Specifically, Danchenko denies that he “talked” to Dolan about the allegations in the dossier. In fact, Danchenko discussed the allegations with Dolan in emails, but never spoke with him verbally.
“It’s a bad question,” said Stuart Sears, Danchenko’s attorney. “It’s the special counsel’s question. Not Mr. Danchenko’s. … He doesn’t need to guess what the question really means.”
Other charges relate to a statement to the FBI that Danchenko received additional details in an anonymous phone call about someone he “believes” to be Sergei Milian, the former chairman of the American Chamber of Commerce in Russia.
Sears said Danchenko never asserted that Milian was the source, and if Danchenko really believed it, it wasn’t a misrepresentation.
Then-Attorney General William Barr, who appointed special counsel John Durham in 2019 to look for government misconduct in the “Crossfire Hurricane” investigation, said Danchenko’s statement, if viewed in context rather than in isolation, would show he intentionally lied .

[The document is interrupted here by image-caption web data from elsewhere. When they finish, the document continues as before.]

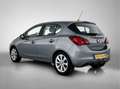 Opel Corsa 1.0 Turbo Edition Airco | Trekhaak | Parkeersensor Grijs - thumbnail 16
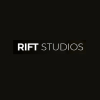 Rift Studios-company-logo 137533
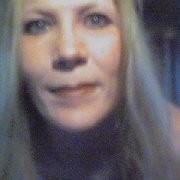 Terri Hunt Email & Phone Number
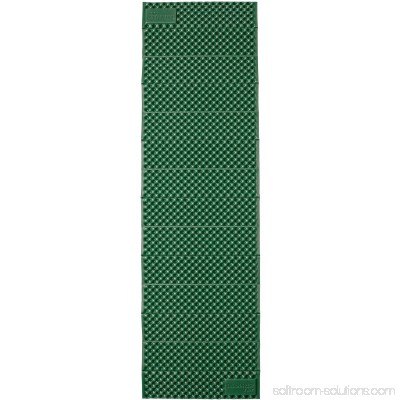Therm-a-Rest Z-Rest Sleeping Pad 554167481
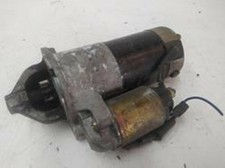 361002A000 démarreur HYUNDAI MATRIX FC 1.5 CRDI 102 CV evasp97425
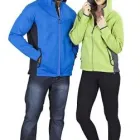 Business 51 image PROMO GIFTS & CLOTHING Women's Clothing in Cape Town WC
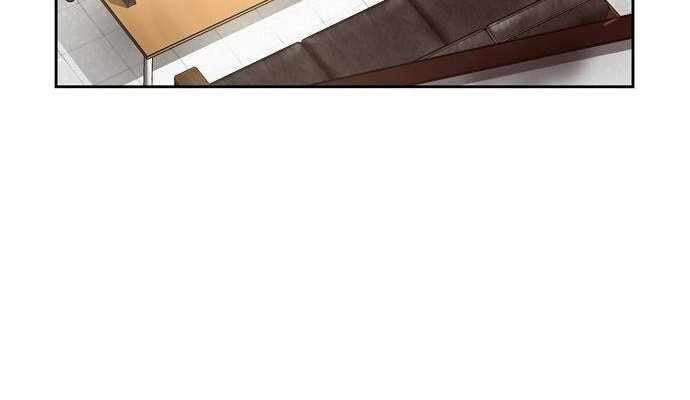 Hồ Sơ Ác Nhân: Chapter 4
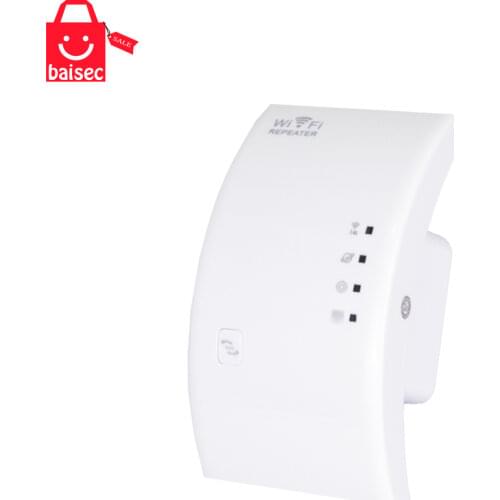 BAISEC BRASIL Radio Parts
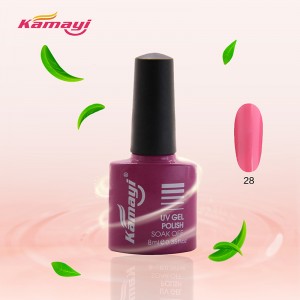 2019 Νέες Αφίξεις Uv Gel Gel Nail Πολωνικά Καλύτερο Choice Stick Nails Αξεσουάρ Super Glue Gel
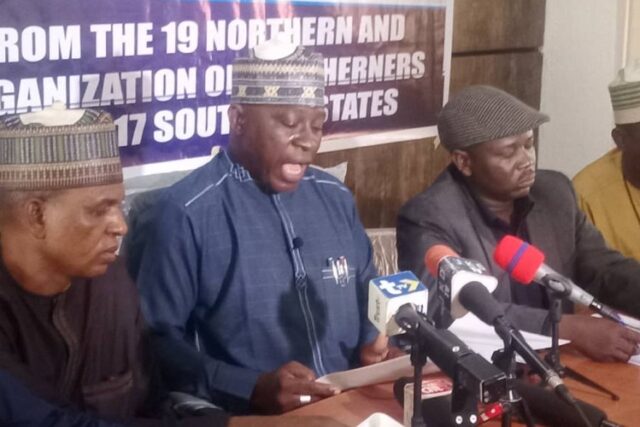 image_750x500_64e84bb33c714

Danchenko himself used the word “speak” to refer to written words posted on social media accounts, he said. He said the evidence would show Milian did not know Danchenko and that Danchenko had no reason to believe Milian was the anonymous caller cited by Danchenko.
“He knew exactly what the FBI was looking for, the context of those questions,” Durham said.

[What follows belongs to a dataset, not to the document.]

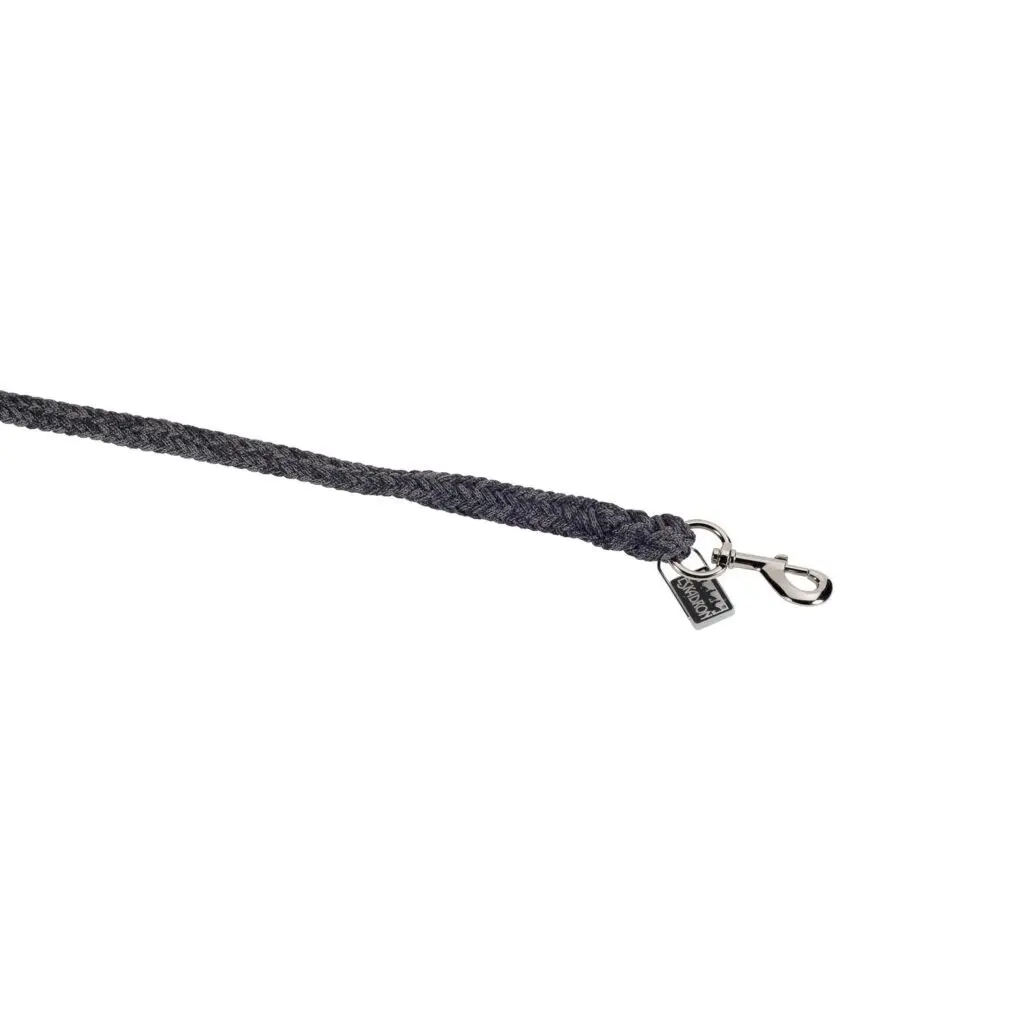 Longe équitation Eskadron KH Silver (x5)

Justice Anthony Trenga acknowledged that the defense’s theory “could be a very convincing, strong argument for the jury,” but said the government ultimately bore the burden of overcoming the motion to dismiss.
It will be up to a jury to decide whether the government can meet its burden of proving a crime beyond a reasonable doubt, a higher standard. Trenga said he will revisit the issue during the trial after the government presents the case.
The most incendiary allegation in the Steele dossier — that Trump hired prostitutes to perform sex in the presidential suite at the Ritz-Carlton in Moscow — may not have been part of the trial at all. Danchenko was not actually accused of lying to the FBI about his source for that particular allegation. But prosecutors still hope to present evidence to the jury and cite evidence that Dolan is also the source of Danchenko’s allegations.
Defense lawyers said any testimony about it was inconsequential and biased and, if allowed, could “swallow the trial”.
Prosecutor Michael Kierty countered that it was important to show Dolan’s connection to the allegations.
“It’s not going to be a sideshow,” he said. “We’re not going to talk about what Mr. Trump did or didn’t do at the Ritz.”
Trenga pondered the issue — he said he was concerned about the relevance of the information compared with the bias it could create, and he would rule on what evidence to allow at the trial before the start of October 10. 11.